When I begin to feel sorry for myself
as a Greek-American in the middle of the wilderness and
among people that are not anything like me where Muslims
and Jews slaughter each other for the plight of the Promised
Land, I simply look down at the Jordan Valley where Mary
of Egypt spent more than forty years of her life and try
to muster up some courage and strength from her devotion
to the Lord in order to clean her soul and seek forgiveness
where she came to this Promised Land just for the fun
of it and for a free ride with pilgrims who actually led
her to a life changing experience that she never dreamed
about until she could not enter the Church of the Holy
Sepulchre. It is documented in the Greek Orthodox Patriarchate
that Mary of Egypt had a vision of the Virgin Mary who
instructed her to go beyond the Jordan River and seek
forgiveness of her sins. Thus the story of this great
saint is constantly used as a role model especially during
the Holy Lenten Season for many centuries. But for me
being geographically right above the Jordan Valley, the
story of Mary of Egypt, is a powerful reminder of the
dedication and love people have for God.
The only comfort that I have in this
little small village and the only connection that I can
feel as an Orthodox Christian in the middle of nowhere
is that Christ did walk into this area known as Biblical
Ephraim right before His crucifixion. "Jesus therefore
walked no more openly among the Jews; but went thence
unto a country near the wilderness, into a city called
Ephraim..." (John 11:54).
The village of Taybeh had the biblical
name Ephraim in Judea. The biblical name was changed to
the modern name Taybeh by the Islamic leader Salahdin
around 1187. The folktale states that Salahdin visited
the village Ephraim and found its people very hospitable
and generous thus he made a statement that they are "Taybehn"
people in Arabic meaning "good and kind," thereby
since that day biblical Ephraim took the modern name "Taybeh."
.
Our village of Taybeh is the only all
Christian village that remains in Palestine twenty minutes
outside Jerusalem before the ancient town of Jericho with
1300 residents all of whom are Christian and the majority
is Greek Orthodox. All residents are Palestinians with
a handful of outsiders. Following the l967 Israeli invasion
of the West Bank thousands of people from Taybeh have
emigrated to Australia, America and Europe due to the
politics, bad economic situation and daily suffering faced
under military occupation. The village is located between
Jerusalem and Jericho in the biblical land of Judea.

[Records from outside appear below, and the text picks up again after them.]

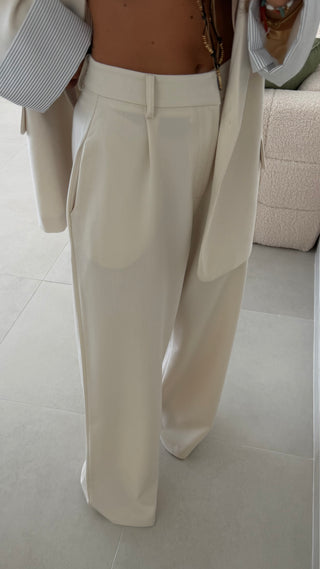 Cream Classic Pants Lumina
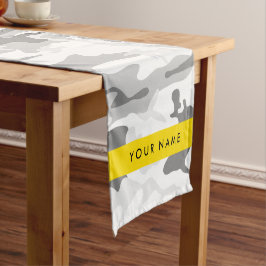 Winter Sneeuw Grijs Camouflage Je naam Personalise Korte Tafelloper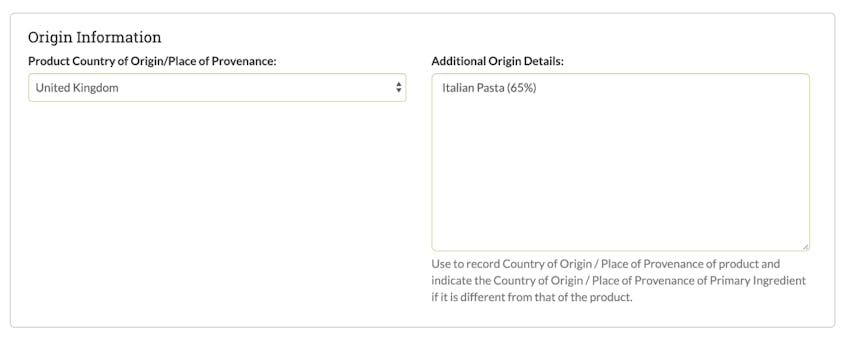 product origin information section of erudus system online 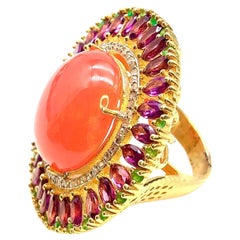 Anillo Bochic "Orient" Ópalo Naranja Natural, Rodolita y Diamantes Engastado en 18K y Silve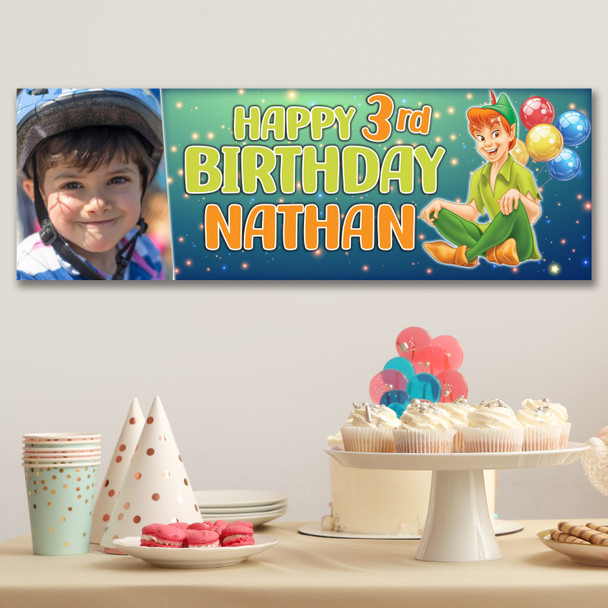 Personalised Party Banner For Kids Birthday Peter Pan Photo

In the early 90-F¢s my husband
David and his brother Nadim were greatly influenced by
their family to return from Boston where we were students
at Hellenic College and invest in Palestine especially
with the opportunity of the historic Oslo agreement where
we hoped Israelis and Palestinians could co-exist and
have a prosperous future together. After investing millions
of dollars in the Palestinian economy and producing the
one and only Palestinian beer, Taybeh Beer, which is actually
the only micro-brewed beer in the entire Middle East area,
we found ourselves in a collapsed economy following the
Second Palestinian Uprising (September 28, 2000) as the
Israelis reoccupied the Palestinian territories. While
many families that had come to invest in Palestine could
not handle the checkpoints and daily shootings they returned
to their host countries but we continued to watch
the Palestinian people seek freedom and self determination
while my husband produced beer and I published children¢s
literature to help promote values and traditions of the
Holy Orthodox Church also knows as the Christina Books
with the newest being Christina Goes to the Holy Land
to promote a Christian presence in Palestine and the first
out of seven being Christina Goes to Church to help children
understand symbolism.
I found myself as a Greek-American mother
of three children that I could not even take to school
because of the hundreds of military checkpoints set up
all around us to protect the illegal Israeli settlers
who have been living on confiscated Taybeh land since
the invasion of the West Bank in 1967. I found myself
driving on roads created for Jews only to by-pass the
Arab villages where at night Palestinians would kill settlers
and in the daytime settlers would shoot Palestinians.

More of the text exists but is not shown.